What is needed:
Below are the records. Restate word for word every line from the one that contains "HULISEN Large Sponge" through the final line, both included.

Records for this exercise:

####

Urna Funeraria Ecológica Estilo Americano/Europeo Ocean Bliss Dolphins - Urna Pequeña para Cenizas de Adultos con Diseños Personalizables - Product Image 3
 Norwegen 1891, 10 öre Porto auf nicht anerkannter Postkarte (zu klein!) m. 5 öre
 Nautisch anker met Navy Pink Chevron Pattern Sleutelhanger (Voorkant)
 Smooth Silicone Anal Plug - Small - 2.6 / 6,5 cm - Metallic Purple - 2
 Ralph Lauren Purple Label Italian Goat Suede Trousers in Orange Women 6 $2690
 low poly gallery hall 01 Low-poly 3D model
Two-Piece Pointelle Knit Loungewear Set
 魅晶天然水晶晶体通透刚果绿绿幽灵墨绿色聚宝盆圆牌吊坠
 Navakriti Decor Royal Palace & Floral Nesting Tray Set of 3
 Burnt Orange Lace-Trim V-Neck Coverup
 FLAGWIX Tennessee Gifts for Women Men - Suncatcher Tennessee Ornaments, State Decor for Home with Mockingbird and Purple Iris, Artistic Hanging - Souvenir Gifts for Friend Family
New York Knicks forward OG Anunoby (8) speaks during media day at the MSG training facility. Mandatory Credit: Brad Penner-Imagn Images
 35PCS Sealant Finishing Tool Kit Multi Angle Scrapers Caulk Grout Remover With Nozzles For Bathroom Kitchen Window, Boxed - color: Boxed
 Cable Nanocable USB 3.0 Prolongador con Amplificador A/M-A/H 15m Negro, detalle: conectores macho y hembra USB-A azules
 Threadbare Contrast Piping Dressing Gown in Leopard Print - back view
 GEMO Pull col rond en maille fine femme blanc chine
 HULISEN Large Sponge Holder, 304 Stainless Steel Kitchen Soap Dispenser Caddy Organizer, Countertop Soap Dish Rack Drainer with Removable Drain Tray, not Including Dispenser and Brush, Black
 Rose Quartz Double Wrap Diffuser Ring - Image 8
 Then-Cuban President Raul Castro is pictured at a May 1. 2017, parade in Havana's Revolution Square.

####

Solution to the problem:
 HULISEN Large Sponge Holder, 304 Stainless Steel Kitchen Soap Dispenser Caddy Organizer, Countertop Soap Dish Rack Drainer with Removable Drain Tray, not Including Dispenser and Brush, Black
 Rose Quartz Double Wrap Diffuser Ring - Image 8
 Then-Cuban President Raul Castro is pictured at a May 1. 2017, parade in Havana's Revolution Square.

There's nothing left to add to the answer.